- _Excerpted data_

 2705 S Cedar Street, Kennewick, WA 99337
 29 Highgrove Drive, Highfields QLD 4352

==

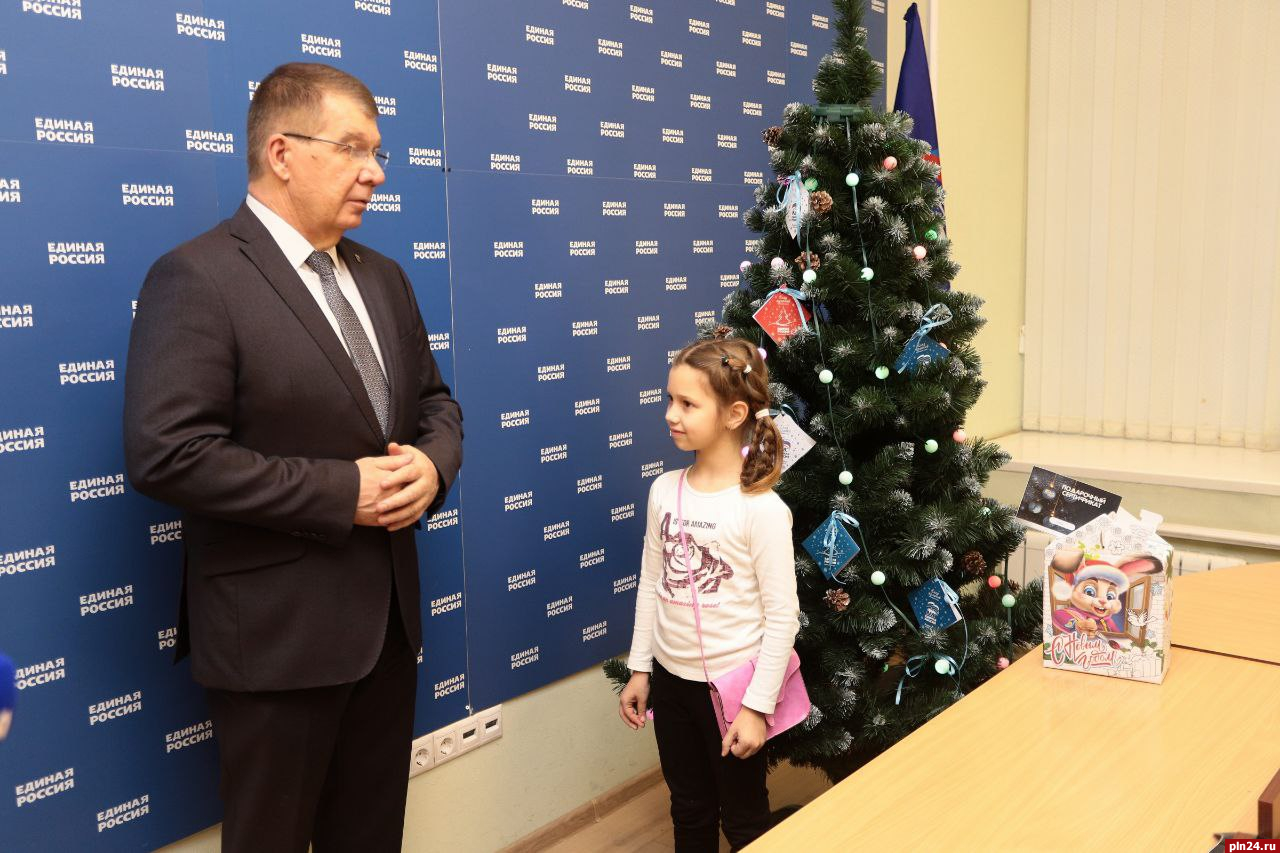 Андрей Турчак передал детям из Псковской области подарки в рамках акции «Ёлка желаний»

* * *

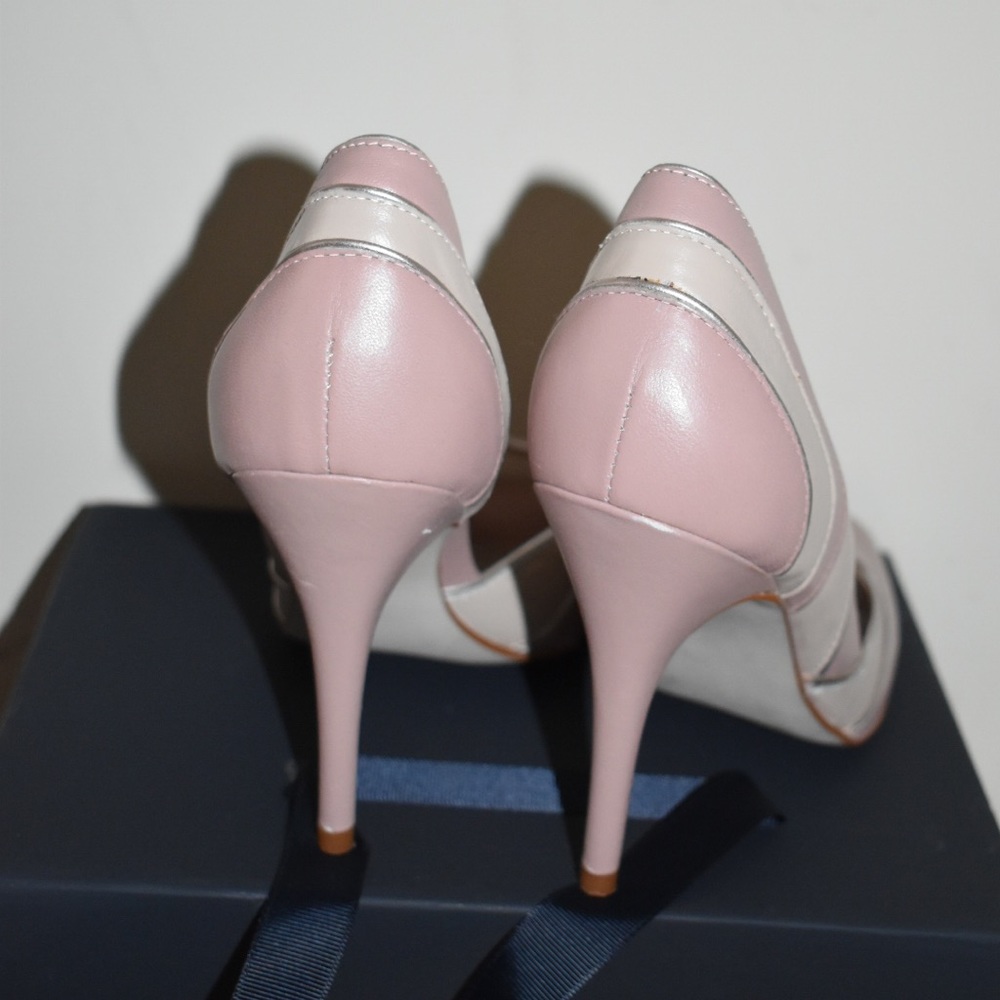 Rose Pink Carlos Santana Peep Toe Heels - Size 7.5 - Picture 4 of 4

- _Task item_
Reproduce exactly the stretch of the material above that starts at the line with "2705 S Cedar Street, Kennewick, WA 99337" and ends at the line with "29 Highgrove Drive, Highfields QLD 4352", both included, and nothing else.

- _Problem solution_
 2705 S Cedar Street, Kennewick, WA 99337
 29 Highgrove Drive, Highfields QLD 4352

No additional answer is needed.